» WHAT NEEDS TO BE DONE
Give back every entry in full, exactly as it reads.
══════════════════════════════
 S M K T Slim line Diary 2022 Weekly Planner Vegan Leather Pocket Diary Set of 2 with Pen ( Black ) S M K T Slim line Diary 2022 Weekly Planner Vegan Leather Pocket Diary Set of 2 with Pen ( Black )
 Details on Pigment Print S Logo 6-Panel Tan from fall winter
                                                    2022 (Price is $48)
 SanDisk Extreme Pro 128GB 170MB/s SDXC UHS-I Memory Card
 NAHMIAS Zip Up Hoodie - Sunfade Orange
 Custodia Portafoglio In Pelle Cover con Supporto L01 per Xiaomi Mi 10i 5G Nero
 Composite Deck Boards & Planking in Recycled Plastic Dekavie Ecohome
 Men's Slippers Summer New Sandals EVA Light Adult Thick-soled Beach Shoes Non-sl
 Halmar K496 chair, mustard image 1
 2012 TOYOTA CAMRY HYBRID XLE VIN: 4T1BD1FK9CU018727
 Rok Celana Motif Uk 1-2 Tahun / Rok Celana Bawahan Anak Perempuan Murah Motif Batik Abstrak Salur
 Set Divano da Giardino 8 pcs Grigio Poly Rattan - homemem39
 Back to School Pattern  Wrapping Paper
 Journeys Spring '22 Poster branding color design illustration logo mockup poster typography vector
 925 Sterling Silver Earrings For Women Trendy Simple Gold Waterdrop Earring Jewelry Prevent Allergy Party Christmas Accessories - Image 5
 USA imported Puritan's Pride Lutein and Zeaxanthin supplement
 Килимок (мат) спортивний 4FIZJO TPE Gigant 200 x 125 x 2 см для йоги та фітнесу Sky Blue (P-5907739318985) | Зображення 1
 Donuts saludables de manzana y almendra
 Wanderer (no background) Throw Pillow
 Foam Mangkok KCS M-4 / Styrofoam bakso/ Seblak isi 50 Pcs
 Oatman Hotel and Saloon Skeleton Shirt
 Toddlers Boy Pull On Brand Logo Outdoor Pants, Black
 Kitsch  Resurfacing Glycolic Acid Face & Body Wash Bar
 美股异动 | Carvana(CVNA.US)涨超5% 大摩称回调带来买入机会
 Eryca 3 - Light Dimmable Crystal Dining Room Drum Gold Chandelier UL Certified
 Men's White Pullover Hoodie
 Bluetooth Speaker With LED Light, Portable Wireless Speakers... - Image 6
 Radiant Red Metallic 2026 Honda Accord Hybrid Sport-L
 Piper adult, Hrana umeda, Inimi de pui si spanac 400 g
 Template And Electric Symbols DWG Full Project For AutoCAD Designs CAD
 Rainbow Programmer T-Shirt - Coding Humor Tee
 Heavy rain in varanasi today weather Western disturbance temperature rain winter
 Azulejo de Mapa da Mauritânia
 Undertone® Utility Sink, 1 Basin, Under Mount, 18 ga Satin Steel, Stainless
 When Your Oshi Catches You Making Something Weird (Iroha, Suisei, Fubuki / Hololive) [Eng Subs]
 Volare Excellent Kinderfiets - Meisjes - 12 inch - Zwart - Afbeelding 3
══════════════════════════════
» COMPLETED EXERCISE
 S M K T Slim line Diary 2022 Weekly Planner Vegan Leather Pocket Diary Set of 2 with Pen ( Black ) S M K T Slim line Diary 2022 Weekly Planner Vegan Leather Pocket Diary Set of 2 with Pen ( Black )
 Details on Pigment Print S Logo 6-Panel Tan from fall winter
                                                    2022 (Price is $48)
 SanDisk Extreme Pro 128GB 170MB/s SDXC UHS-I Memory Card
 NAHMIAS Zip Up Hoodie - Sunfade Orange
 Custodia Portafoglio In Pelle Cover con Supporto L01 per Xiaomi Mi 10i 5G Nero
 Composite Deck Boards & Planking in Recycled Plastic Dekavie Ecohome
 Men's Slippers Summer New Sandals EVA Light Adult Thick-soled Beach Shoes Non-sl
 Halmar K496 chair, mustard image 1
 2012 TOYOTA CAMRY HYBRID XLE VIN: 4T1BD1FK9CU018727
 Rok Celana Motif Uk 1-2 Tahun / Rok Celana Bawahan Anak Perempuan Murah Motif Batik Abstrak Salur
 Set Divano da Giardino 8 pcs Grigio Poly Rattan - homemem39
 Back to School Pattern  Wrapping Paper
 Journeys Spring '22 Poster branding color design illustration logo mockup poster typography vector
 925 Sterling Silver Earrings For Women Trendy Simple Gold Waterdrop Earring Jewelry Prevent Allergy Party Christmas Accessories - Image 5
 USA imported Puritan's Pride Lutein and Zeaxanthin supplement
 Килимок (мат) спортивний 4FIZJO TPE Gigant 200 x 125 x 2 см для йоги та фітнесу Sky Blue (P-5907739318985) | Зображення 1
 Donuts saludables de manzana y almendra
 Wanderer (no background) Throw Pillow
 Foam Mangkok KCS M-4 / Styrofoam bakso/ Seblak isi 50 Pcs
 Oatman Hotel and Saloon Skeleton Shirt
 Toddlers Boy Pull On Brand Logo Outdoor Pants, Black
 Kitsch  Resurfacing Glycolic Acid Face & Body Wash Bar
 美股异动 | Carvana(CVNA.US)涨超5% 大摩称回调带来买入机会
 Eryca 3 - Light Dimmable Crystal Dining Room Drum Gold Chandelier UL Certified
 Men's White Pullover Hoodie
 Bluetooth Speaker With LED Light, Portable Wireless Speakers... - Image 6
 Radiant Red Metallic 2026 Honda Accord Hybrid Sport-L
 Piper adult, Hrana umeda, Inimi de pui si spanac 400 g
 Template And Electric Symbols DWG Full Project For AutoCAD Designs CAD
 Rainbow Programmer T-Shirt - Coding Humor Tee
 Heavy rain in varanasi today weather Western disturbance temperature rain winter
 Azulejo de Mapa da Mauritânia
 Undertone® Utility Sink, 1 Basin, Under Mount, 18 ga Satin Steel, Stainless
 When Your Oshi Catches You Making Something Weird (Iroha, Suisei, Fubuki / Hololive) [Eng Subs]
 Volare Excellent Kinderfiets - Meisjes - 12 inch - Zwart - Afbeelding 3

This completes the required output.